> **What is being asked**: Everything in the listing that follows should be reproduced exactly except the pictures.

> **Source data**:
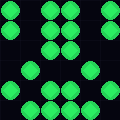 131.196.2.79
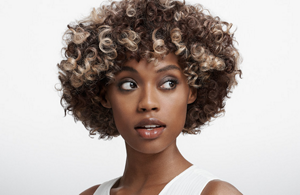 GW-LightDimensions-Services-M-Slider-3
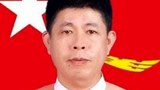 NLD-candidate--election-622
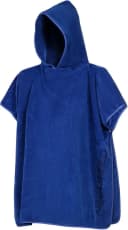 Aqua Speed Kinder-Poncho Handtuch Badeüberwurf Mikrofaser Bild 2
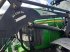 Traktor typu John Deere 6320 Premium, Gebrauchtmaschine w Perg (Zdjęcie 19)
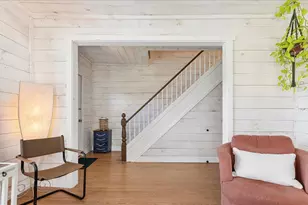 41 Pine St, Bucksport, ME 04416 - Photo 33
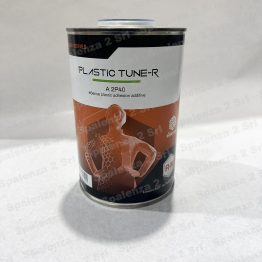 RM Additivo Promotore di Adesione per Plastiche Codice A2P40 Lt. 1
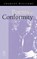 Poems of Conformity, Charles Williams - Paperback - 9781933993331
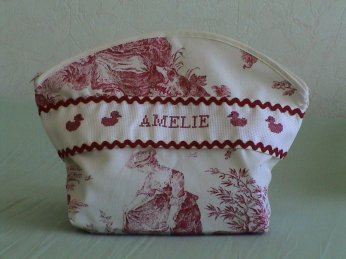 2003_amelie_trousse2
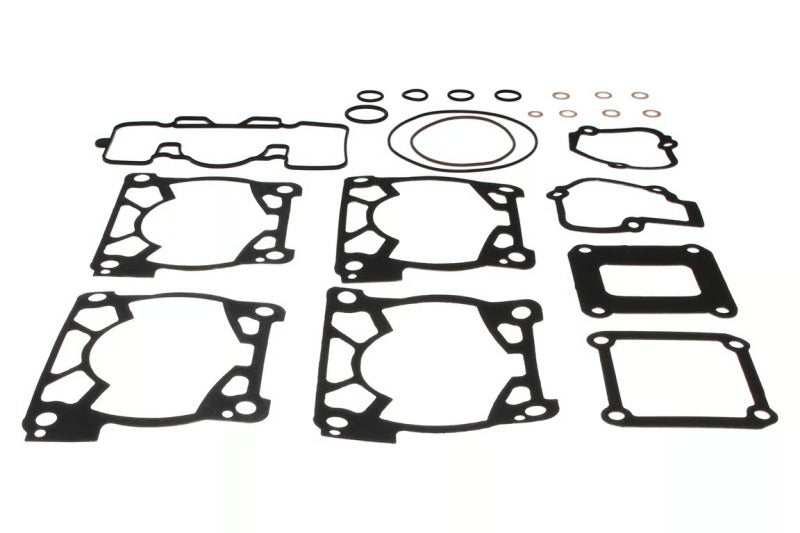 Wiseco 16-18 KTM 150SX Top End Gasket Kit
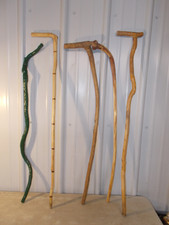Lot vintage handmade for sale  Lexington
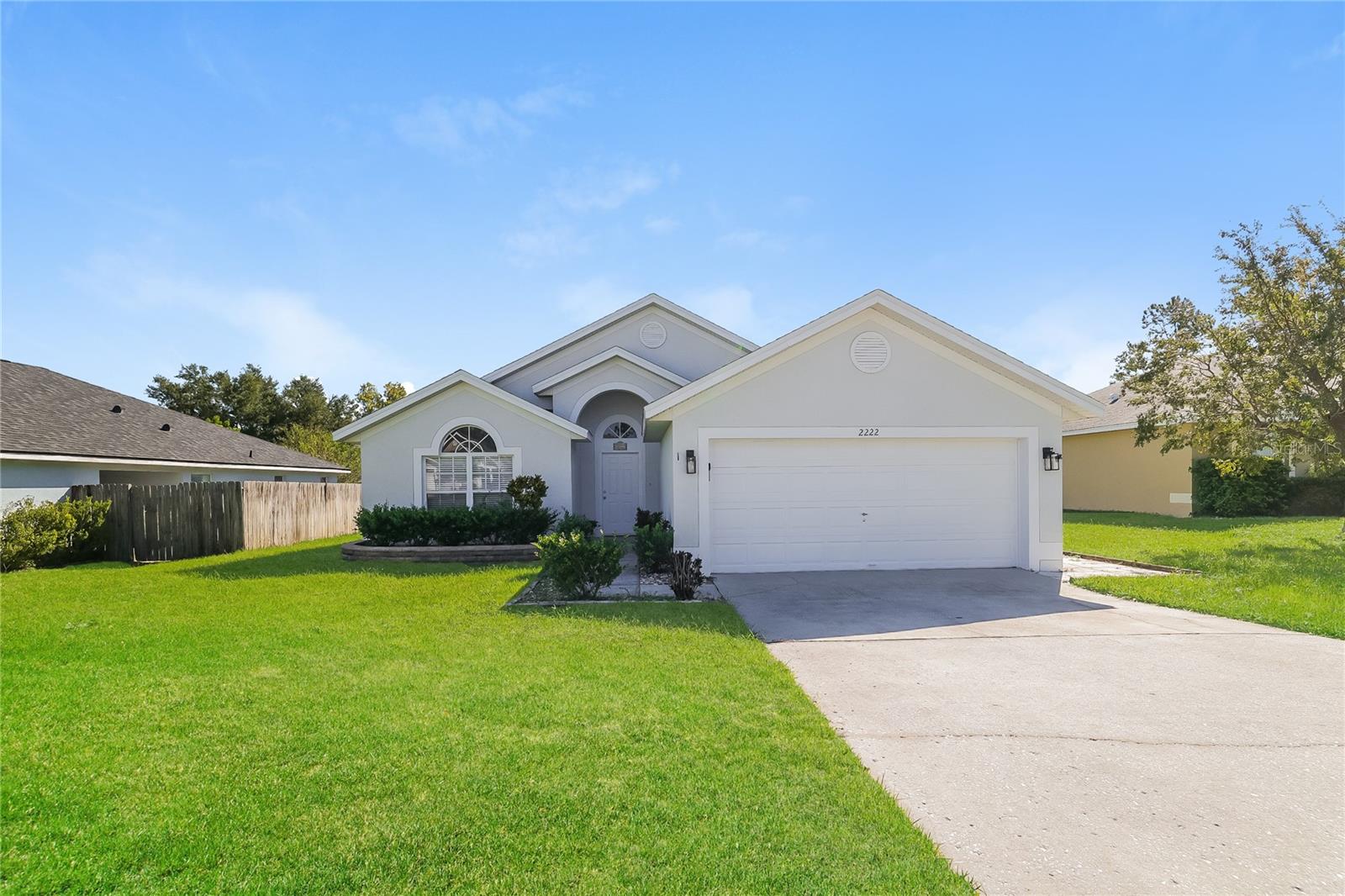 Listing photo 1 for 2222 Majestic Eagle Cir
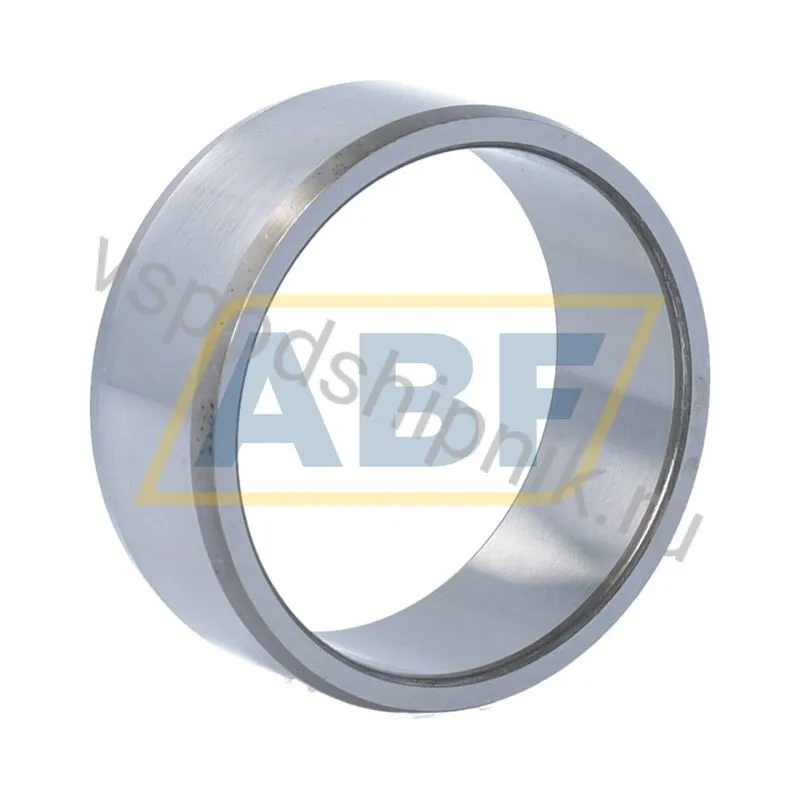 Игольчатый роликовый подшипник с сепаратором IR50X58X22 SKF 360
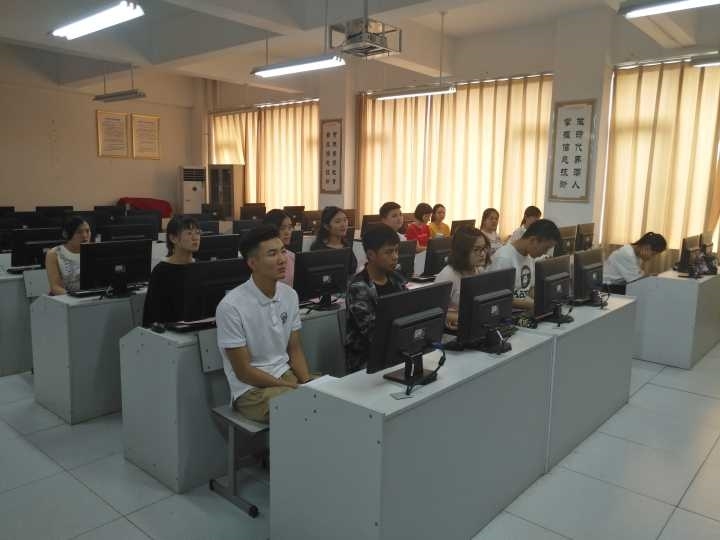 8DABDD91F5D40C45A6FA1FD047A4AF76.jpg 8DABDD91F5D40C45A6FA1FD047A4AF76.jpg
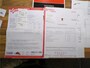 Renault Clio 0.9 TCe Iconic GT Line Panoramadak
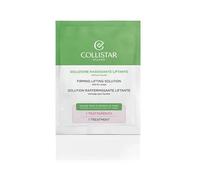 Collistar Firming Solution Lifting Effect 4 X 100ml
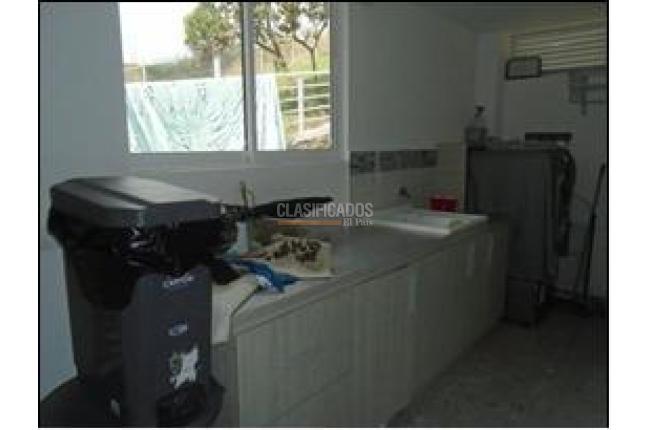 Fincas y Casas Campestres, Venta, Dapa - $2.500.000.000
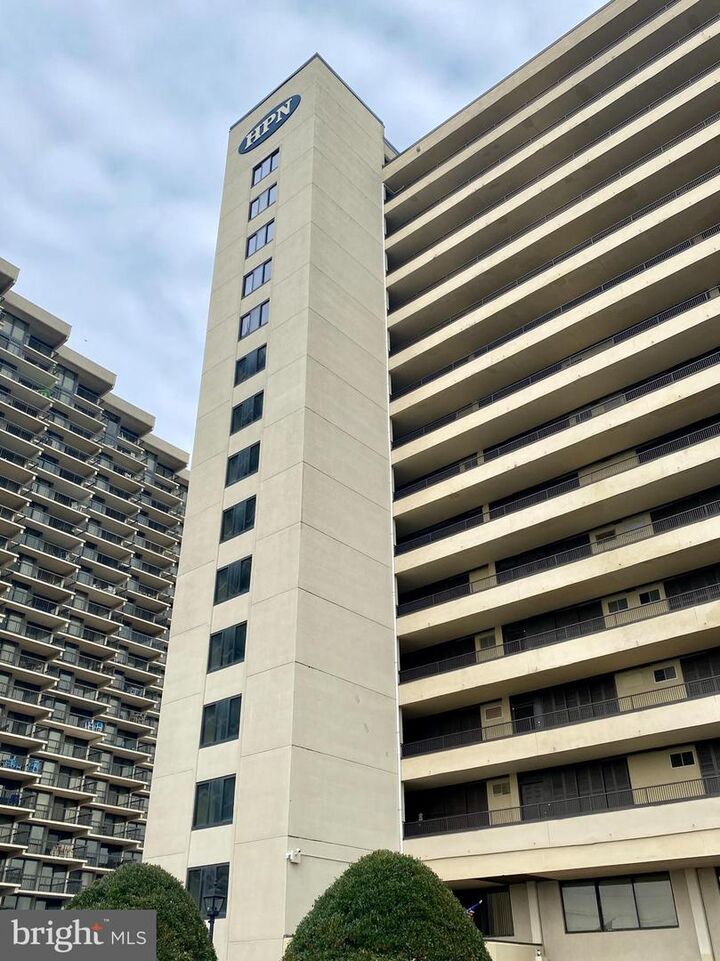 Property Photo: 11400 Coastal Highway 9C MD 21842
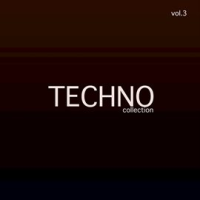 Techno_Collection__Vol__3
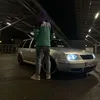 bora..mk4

> **Exercise output**:
 131.196.2.79
 GW-LightDimensions-Services-M-Slider-3
 NLD-candidate--election-622
 Aqua Speed Kinder-Poncho Handtuch Badeüberwurf Mikrofaser Bild 2
 Traktor typu John Deere 6320 Premium, Gebrauchtmaschine w Perg (Zdjęcie 19)
 41 Pine St, Bucksport, ME 04416 - Photo 33
 RM Additivo Promotore di Adesione per Plastiche Codice A2P40 Lt. 1
 Poems of Conformity, Charles Williams - Paperback - 9781933993331
 2003_amelie_trousse2
 Wiseco 16-18 KTM 150SX Top End Gasket Kit
Lot vintage handmade for sale  Lexington
 Listing photo 1 for 2222 Majestic Eagle Cir
 Игольчатый роликовый подшипник с сепаратором IR50X58X22 SKF 360
 8DABDD91F5D40C45A6FA1FD047A4AF76.jpg 8DABDD91F5D40C45A6FA1FD047A4AF76.jpg
 Renault Clio 0.9 TCe Iconic GT Line Panoramadak
 Collistar Firming Solution Lifting Effect 4 X 100ml
 Fincas y Casas Campestres, Venta, Dapa - $2.500.000.000
 Property Photo: 11400 Coastal Highway 9C MD 21842
 Techno_Collection__Vol__3
 bora..mk4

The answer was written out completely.